▸ EXERCISE OBJECTIVE:
What you write must be the listing below in full, word for word, minus its pictures.

▸ EXTRACTED RECORDS:
────────────────────────────────────────

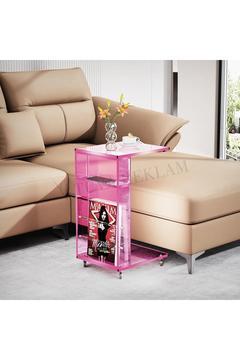 Tuva Reklam Şeffaf Akrilik Pleksi Yeni Nesil Modern Tekerlekli C Sehpa (ÇOKLU RENK/MONTAJLIDIR)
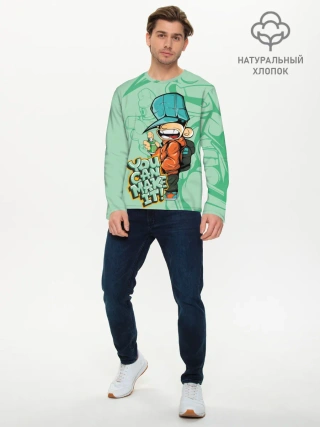 Мужской лонгслив базовый / Люблю граффити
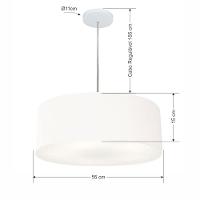 Lustre Pendente Cilíndrico Vivare Md-4218 Cúpula Em Tecido 55x15cm - Bivolt Branca 127/220v - 2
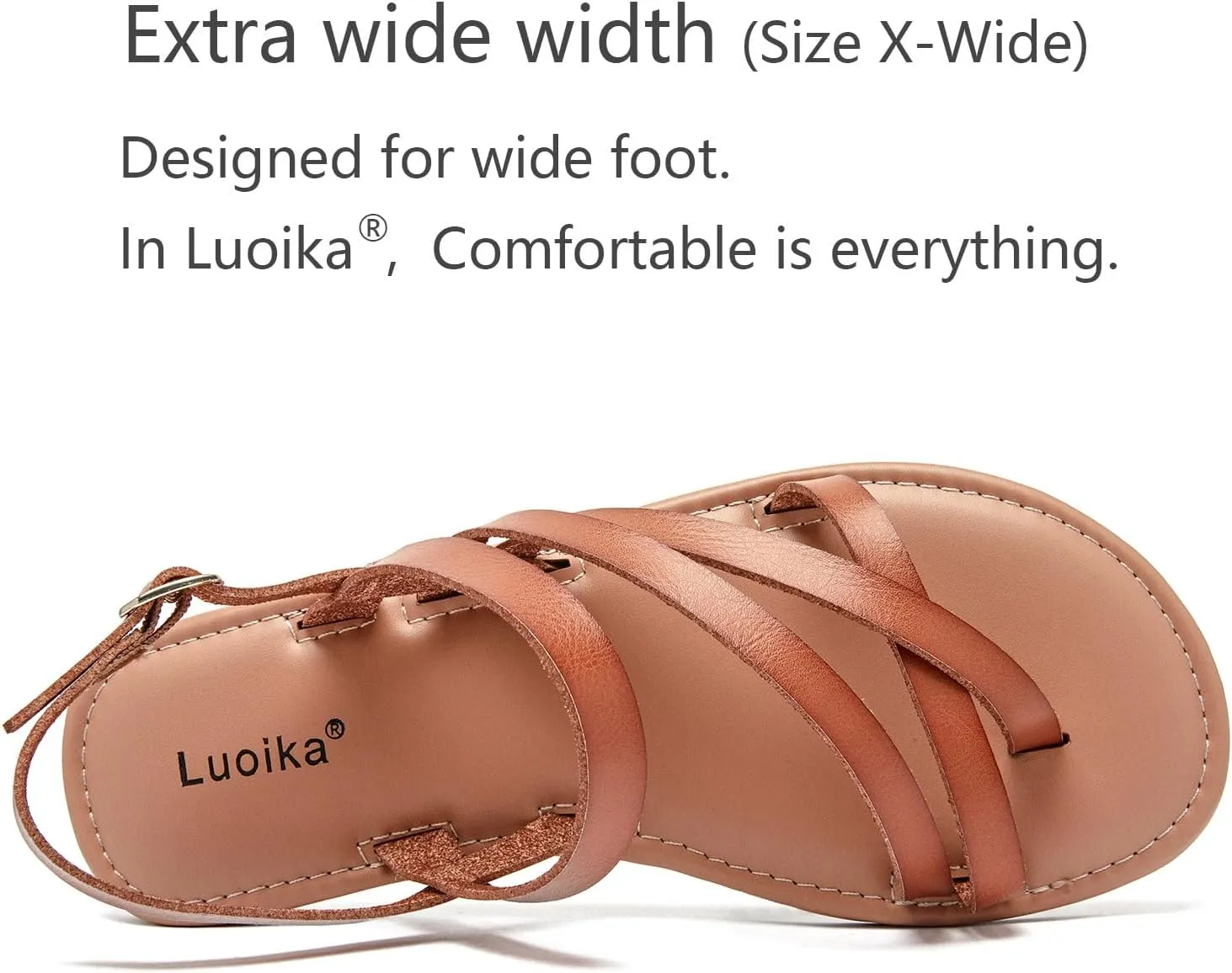 Luoika Women's Wide Width Flat Sandals, Flip Flop Casual Strapy Sandals Slip on Summer Beach Shoes for Women.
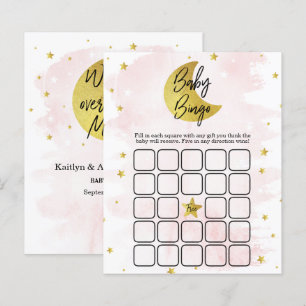 Lámina Sobre la luna   Chicas Baby Shower Bingo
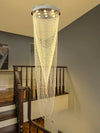 Modern Large Chandelier High Ceiling Staircase Flush Mount Light Crystal Fixture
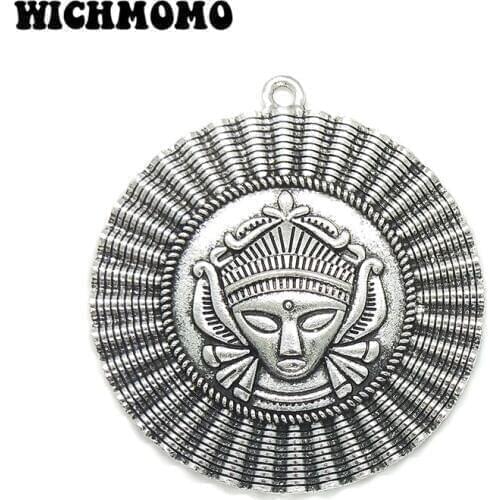 2019 New Fashion 76mm 1pieces/bag Retro Zinc Alloy Round Figure Charms Pendant for Earring Necklace Jewelry Accessories
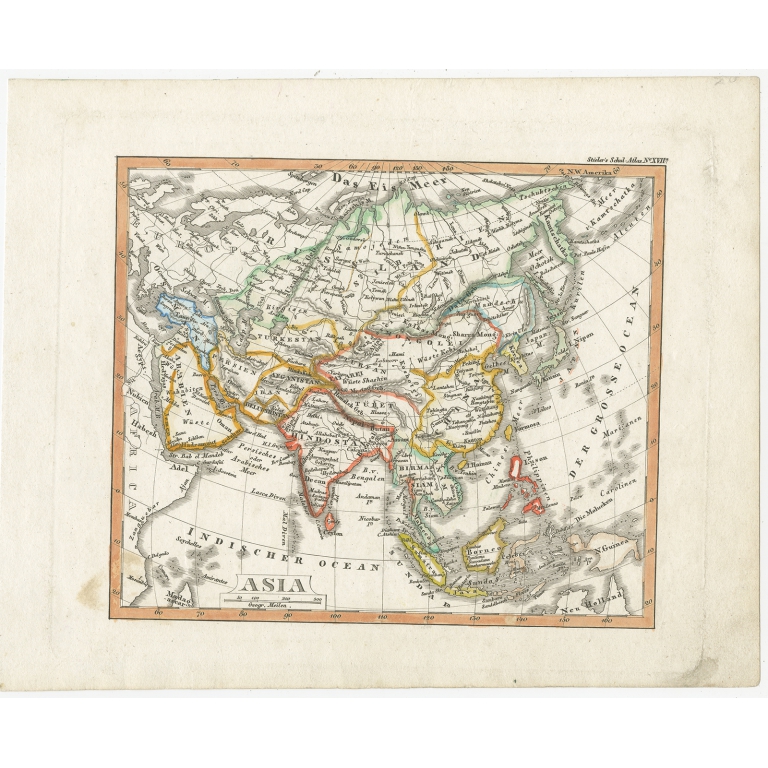 Antique Map of Asia by Stieler (1837)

────────────────────────────────────────

▸ EXERCISE RESULT:
 Tuva Reklam Şeffaf Akrilik Pleksi Yeni Nesil Modern Tekerlekli C Sehpa (ÇOKLU RENK/MONTAJLIDIR)
 Мужской лонгслив базовый / Люблю граффити
 Lustre Pendente Cilíndrico Vivare Md-4218 Cúpula Em Tecido 55x15cm - Bivolt Branca 127/220v - 2
 Luoika Women's Wide Width Flat Sandals, Flip Flop Casual Strapy Sandals Slip on Summer Beach Shoes for Women.
 Lámina Sobre la luna   Chicas Baby Shower Bingo
 Modern Large Chandelier High Ceiling Staircase Flush Mount Light Crystal Fixture
 2019 New Fashion 76mm 1pieces/bag Retro Zinc Alloy Round Figure Charms Pendant for Earring Necklace Jewelry Accessories
 Antique Map of Asia by Stieler (1837)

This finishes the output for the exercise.